_What is needed_:
Repeat every line of the data exactly, but not the pictures.

_Material provided_:
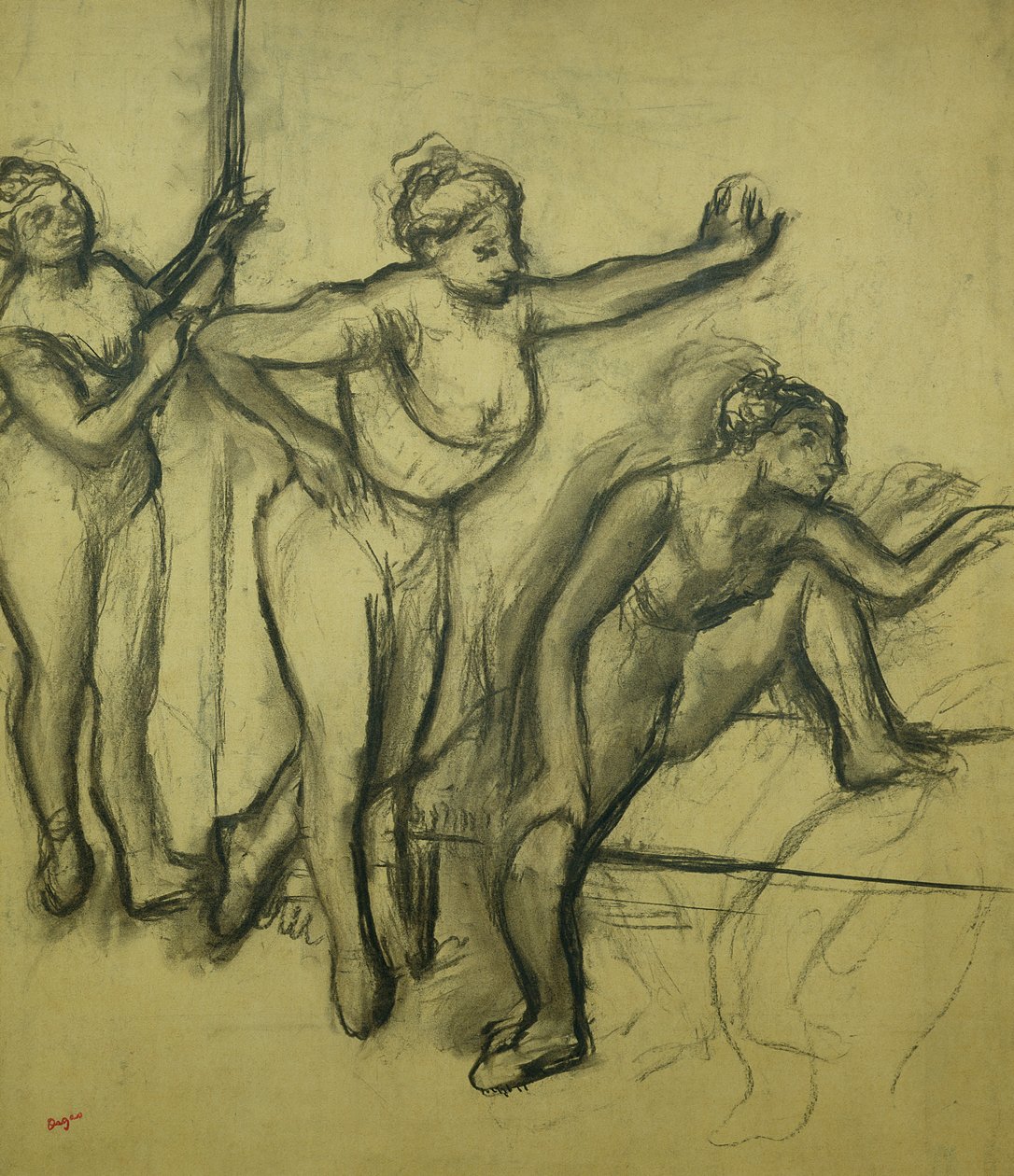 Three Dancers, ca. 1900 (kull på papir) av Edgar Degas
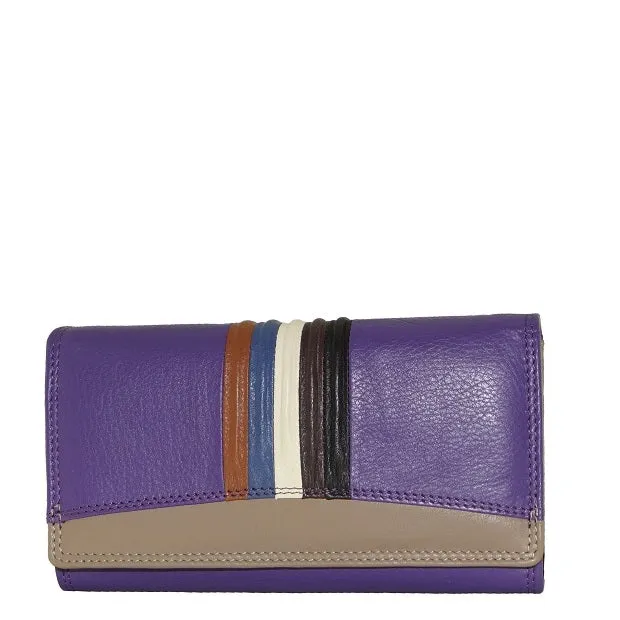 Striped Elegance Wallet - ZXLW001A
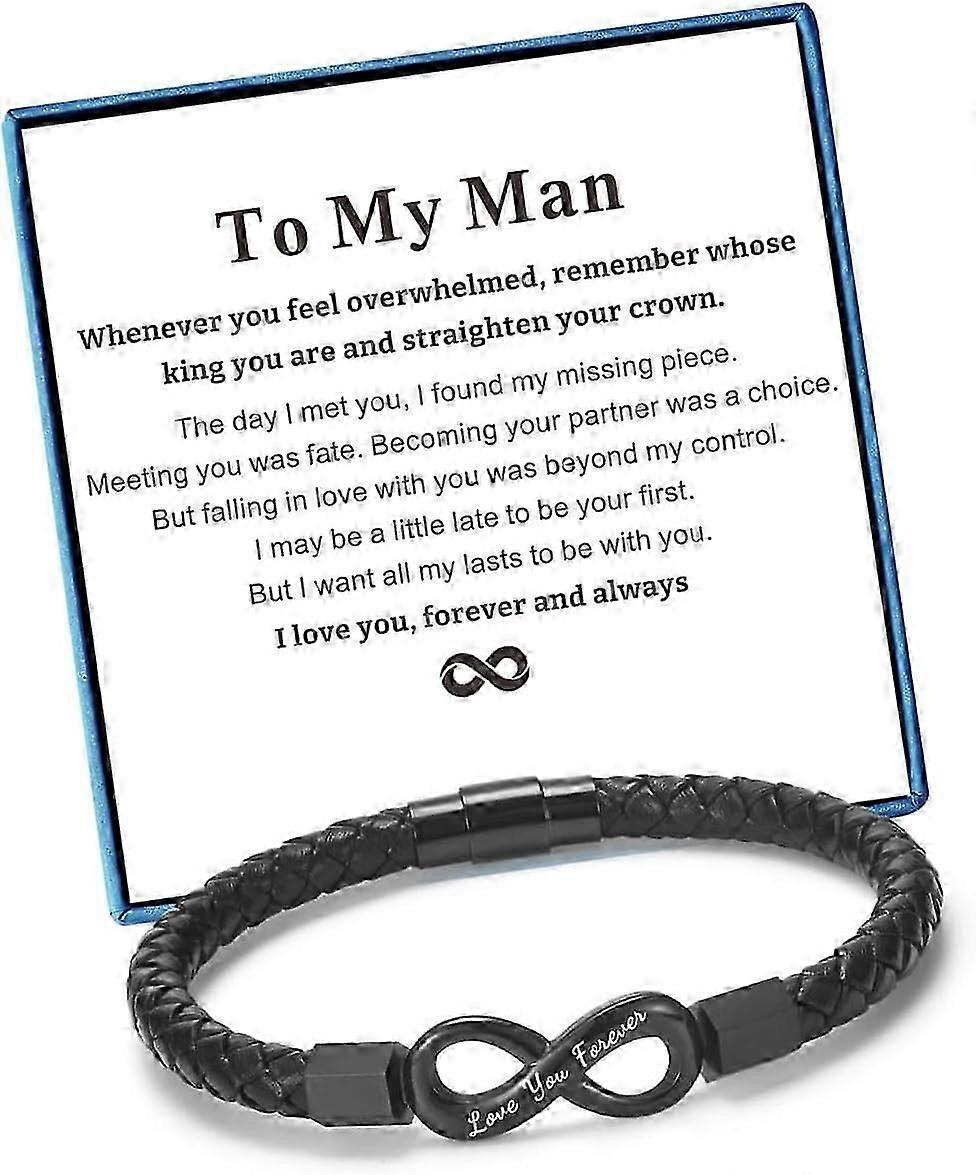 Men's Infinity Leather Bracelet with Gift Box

_The completed task_:
 Three Dancers, ca. 1900 (kull på papir) av Edgar Degas
 Striped Elegance Wallet - ZXLW001A
 Men's Infinity Leather Bracelet with Gift Box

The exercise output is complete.